**Extracted data:**

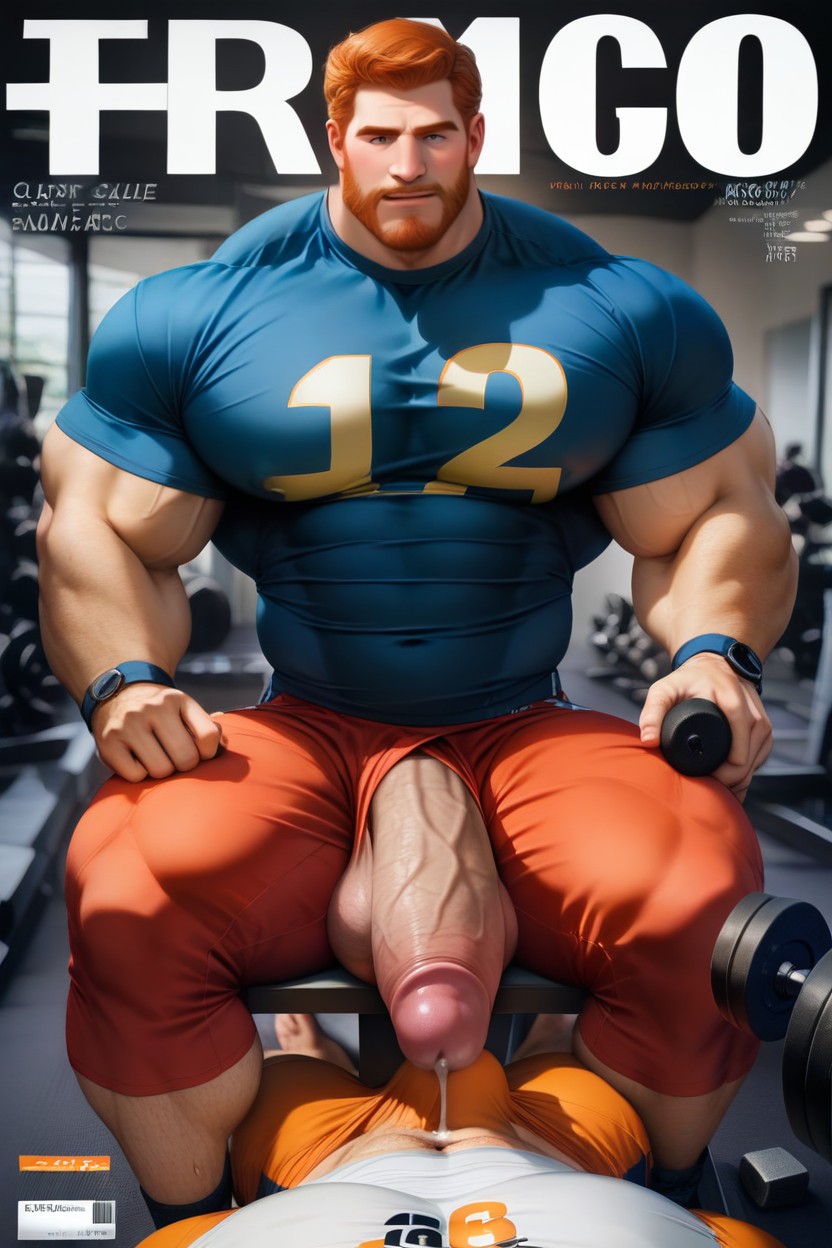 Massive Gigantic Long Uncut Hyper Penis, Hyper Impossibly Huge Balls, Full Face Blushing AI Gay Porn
---
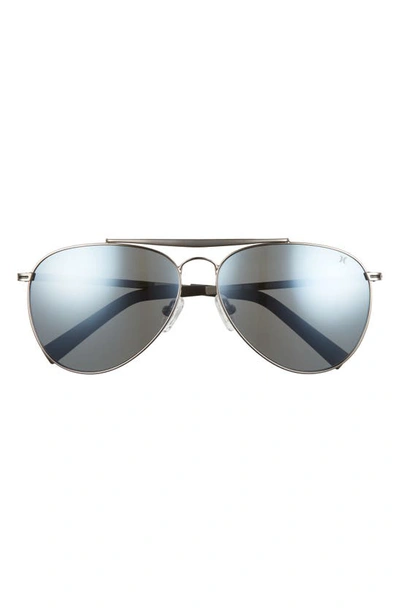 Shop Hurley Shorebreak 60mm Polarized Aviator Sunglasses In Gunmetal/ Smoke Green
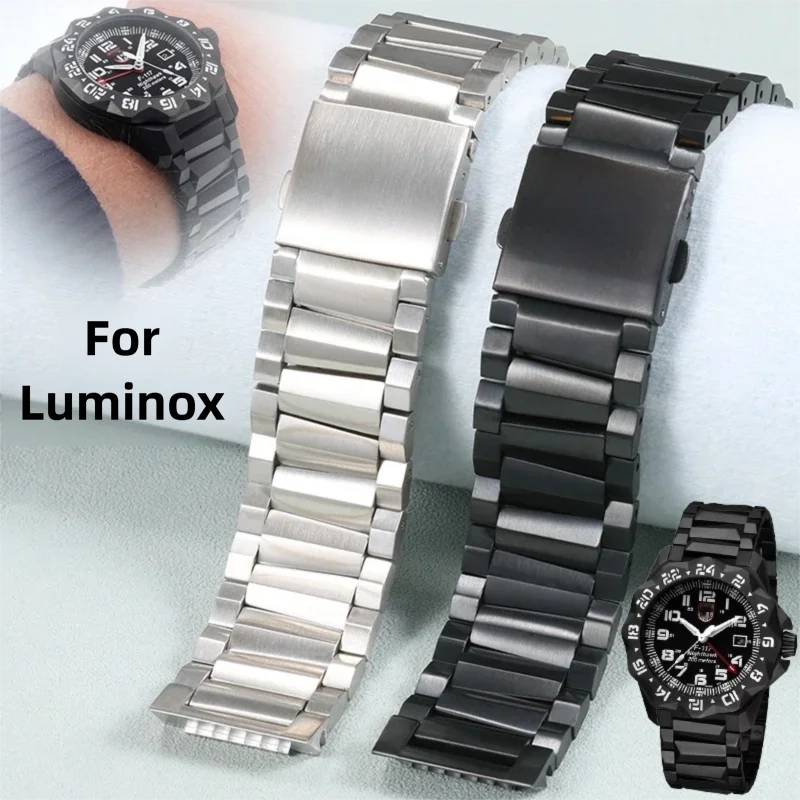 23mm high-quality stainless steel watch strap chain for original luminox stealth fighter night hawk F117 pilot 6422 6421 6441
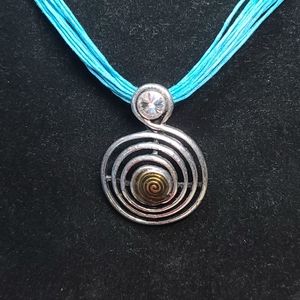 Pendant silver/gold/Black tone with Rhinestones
---
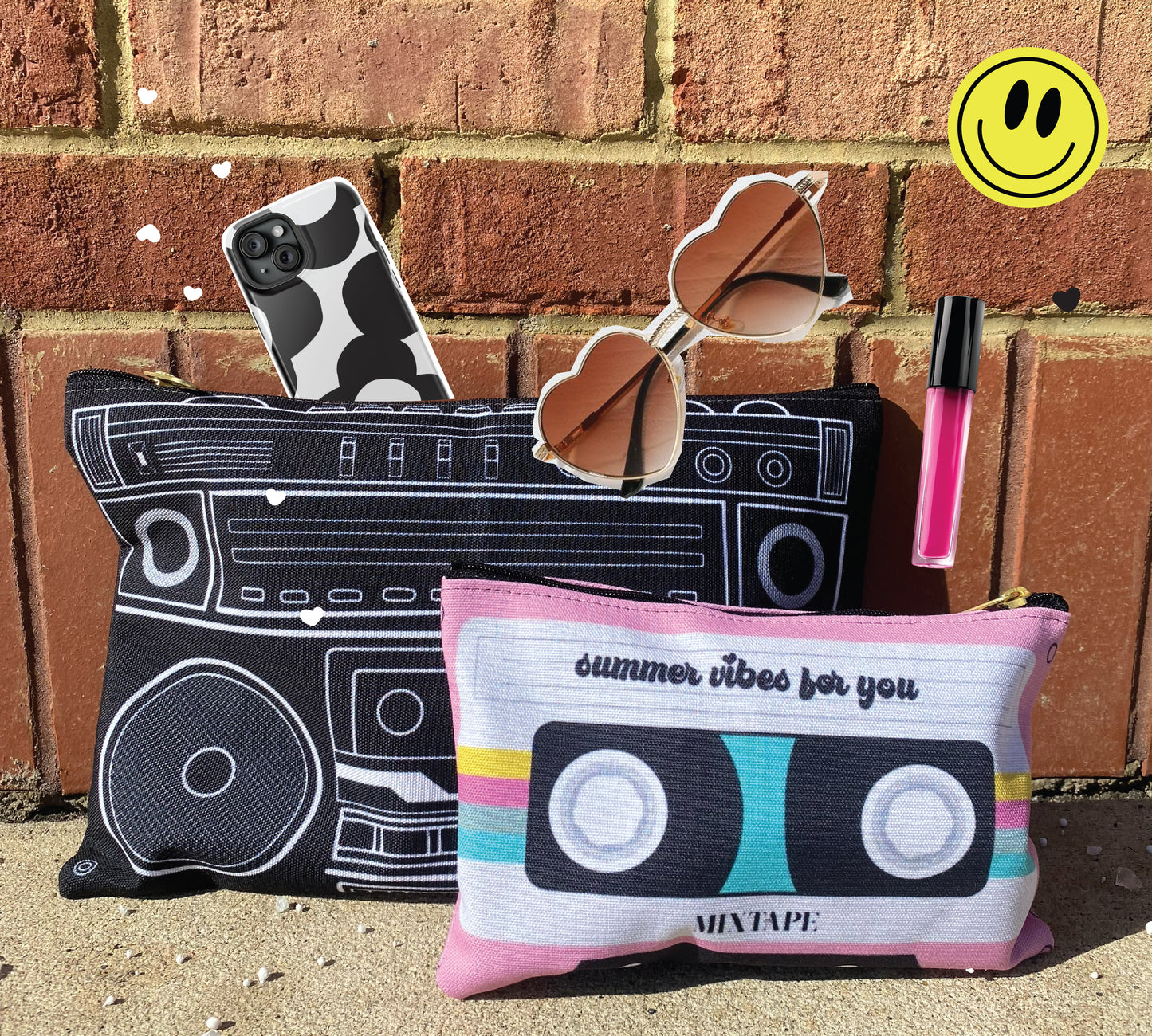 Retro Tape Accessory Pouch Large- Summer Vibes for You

**Requirement:** Return word for word the lines of the listing above, starting at the line with "Shop Hurley Shorebreak" and ending at the line with "Pendant silver/gold/Black tone", both included. Pictures do not belong in the copy.

**Your solution:**
 Shop Hurley Shorebreak 60mm Polarized Aviator Sunglasses In Gunmetal/ Smoke Green
 23mm high-quality stainless steel watch strap chain for original luminox stealth fighter night hawk F117 pilot 6422 6421 6441
 Pendant silver/gold/Black tone with Rhinestones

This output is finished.